[Exercise requirements]: Look below for the line that has "interface wireshark". Set down the lines from there through the line that has "Pre-owned Etro Printed", exactly as written.

(Records to use begins)

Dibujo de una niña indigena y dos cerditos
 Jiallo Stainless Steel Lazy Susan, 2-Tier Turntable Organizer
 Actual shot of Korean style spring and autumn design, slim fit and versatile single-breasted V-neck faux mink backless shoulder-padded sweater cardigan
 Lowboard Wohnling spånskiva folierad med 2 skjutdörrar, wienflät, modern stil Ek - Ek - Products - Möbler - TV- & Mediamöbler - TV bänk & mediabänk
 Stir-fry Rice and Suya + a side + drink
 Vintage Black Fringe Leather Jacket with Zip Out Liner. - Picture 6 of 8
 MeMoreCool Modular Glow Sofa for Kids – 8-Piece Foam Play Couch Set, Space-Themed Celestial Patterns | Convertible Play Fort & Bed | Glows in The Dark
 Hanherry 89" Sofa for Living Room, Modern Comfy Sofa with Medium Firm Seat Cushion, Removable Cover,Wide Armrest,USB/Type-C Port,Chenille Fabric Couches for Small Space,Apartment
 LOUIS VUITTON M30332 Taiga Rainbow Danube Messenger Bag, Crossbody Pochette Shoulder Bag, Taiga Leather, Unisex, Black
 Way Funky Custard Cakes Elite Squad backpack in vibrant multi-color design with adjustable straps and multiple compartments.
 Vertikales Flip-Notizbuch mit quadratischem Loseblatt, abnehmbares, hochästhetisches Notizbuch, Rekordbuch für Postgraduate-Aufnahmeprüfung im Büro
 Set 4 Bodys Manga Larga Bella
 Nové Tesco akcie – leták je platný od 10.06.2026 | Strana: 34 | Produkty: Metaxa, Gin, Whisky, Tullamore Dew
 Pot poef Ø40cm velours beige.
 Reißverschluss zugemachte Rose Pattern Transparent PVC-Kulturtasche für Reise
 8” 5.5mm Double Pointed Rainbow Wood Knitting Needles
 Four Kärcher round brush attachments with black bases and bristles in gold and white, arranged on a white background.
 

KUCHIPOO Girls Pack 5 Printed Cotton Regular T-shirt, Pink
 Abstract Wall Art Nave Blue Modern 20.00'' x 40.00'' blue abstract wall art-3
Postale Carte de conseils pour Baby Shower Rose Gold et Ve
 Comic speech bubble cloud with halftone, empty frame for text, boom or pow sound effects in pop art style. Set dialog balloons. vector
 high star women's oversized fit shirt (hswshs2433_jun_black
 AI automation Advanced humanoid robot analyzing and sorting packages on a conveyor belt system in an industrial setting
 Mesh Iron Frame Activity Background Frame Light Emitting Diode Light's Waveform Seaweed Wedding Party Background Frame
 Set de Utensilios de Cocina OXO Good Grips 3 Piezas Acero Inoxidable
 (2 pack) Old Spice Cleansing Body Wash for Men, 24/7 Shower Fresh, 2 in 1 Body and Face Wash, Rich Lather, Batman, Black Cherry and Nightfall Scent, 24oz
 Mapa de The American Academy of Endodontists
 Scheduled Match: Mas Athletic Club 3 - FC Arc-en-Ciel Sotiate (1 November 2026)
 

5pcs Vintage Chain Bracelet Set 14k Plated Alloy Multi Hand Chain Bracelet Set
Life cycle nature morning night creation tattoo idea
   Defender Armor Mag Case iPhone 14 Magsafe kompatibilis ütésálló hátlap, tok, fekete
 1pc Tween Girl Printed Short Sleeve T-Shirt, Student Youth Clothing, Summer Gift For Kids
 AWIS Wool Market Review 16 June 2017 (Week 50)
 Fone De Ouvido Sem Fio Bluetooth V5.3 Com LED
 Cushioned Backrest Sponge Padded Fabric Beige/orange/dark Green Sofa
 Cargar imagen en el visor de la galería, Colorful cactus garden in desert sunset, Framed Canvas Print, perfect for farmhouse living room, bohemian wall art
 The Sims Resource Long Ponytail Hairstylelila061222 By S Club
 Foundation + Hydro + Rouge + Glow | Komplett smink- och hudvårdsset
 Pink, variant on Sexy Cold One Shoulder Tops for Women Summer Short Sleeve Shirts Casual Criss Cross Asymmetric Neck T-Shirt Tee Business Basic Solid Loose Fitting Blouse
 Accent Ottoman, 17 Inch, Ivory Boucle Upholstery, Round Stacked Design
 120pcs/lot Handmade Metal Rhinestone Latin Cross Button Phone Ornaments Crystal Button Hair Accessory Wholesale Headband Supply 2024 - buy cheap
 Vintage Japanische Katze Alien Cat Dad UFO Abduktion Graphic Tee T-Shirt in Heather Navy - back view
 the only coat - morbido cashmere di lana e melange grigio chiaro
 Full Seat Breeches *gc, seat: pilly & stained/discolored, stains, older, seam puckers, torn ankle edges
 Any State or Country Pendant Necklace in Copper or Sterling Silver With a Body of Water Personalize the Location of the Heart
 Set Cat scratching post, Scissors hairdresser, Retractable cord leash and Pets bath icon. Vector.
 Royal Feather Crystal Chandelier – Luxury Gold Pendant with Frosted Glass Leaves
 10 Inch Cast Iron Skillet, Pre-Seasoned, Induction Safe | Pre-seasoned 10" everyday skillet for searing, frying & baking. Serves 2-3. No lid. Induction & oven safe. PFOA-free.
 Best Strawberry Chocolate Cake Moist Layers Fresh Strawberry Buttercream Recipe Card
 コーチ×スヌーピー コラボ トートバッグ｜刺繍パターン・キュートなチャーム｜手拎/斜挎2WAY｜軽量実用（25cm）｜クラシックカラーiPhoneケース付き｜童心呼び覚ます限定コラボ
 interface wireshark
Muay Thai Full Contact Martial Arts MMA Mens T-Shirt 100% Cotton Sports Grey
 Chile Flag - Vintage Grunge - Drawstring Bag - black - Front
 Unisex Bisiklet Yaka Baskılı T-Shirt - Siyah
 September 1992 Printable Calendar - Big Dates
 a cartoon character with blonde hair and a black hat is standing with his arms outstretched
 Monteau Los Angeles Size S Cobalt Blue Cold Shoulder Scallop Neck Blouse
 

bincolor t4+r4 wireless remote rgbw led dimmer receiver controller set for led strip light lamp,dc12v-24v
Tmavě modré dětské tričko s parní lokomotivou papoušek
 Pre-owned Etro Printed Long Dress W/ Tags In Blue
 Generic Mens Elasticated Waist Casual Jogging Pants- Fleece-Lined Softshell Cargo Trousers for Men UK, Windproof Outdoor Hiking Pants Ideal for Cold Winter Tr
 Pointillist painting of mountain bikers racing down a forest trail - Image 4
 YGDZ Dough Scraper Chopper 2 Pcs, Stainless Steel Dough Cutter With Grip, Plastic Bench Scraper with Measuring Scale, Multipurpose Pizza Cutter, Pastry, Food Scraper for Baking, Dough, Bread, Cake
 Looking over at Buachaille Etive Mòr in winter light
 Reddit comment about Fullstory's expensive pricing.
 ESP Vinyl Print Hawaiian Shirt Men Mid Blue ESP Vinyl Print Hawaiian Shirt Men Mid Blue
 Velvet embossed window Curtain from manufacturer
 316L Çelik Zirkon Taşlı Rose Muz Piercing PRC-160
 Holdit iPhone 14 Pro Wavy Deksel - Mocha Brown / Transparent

(Records to use ends)

[Task output]:
 interface wireshark
Muay Thai Full Contact Martial Arts MMA Mens T-Shirt 100% Cotton Sports Grey
 Chile Flag - Vintage Grunge - Drawstring Bag - black - Front
 Unisex Bisiklet Yaka Baskılı T-Shirt - Siyah
 September 1992 Printable Calendar - Big Dates
 a cartoon character with blonde hair and a black hat is standing with his arms outstretched
 Monteau Los Angeles Size S Cobalt Blue Cold Shoulder Scallop Neck Blouse
 

bincolor t4+r4 wireless remote rgbw led dimmer receiver controller set for led strip light lamp,dc12v-24v
Tmavě modré dětské tričko s parní lokomotivou papoušek
 Pre-owned Etro Printed Long Dress W/ Tags In Blue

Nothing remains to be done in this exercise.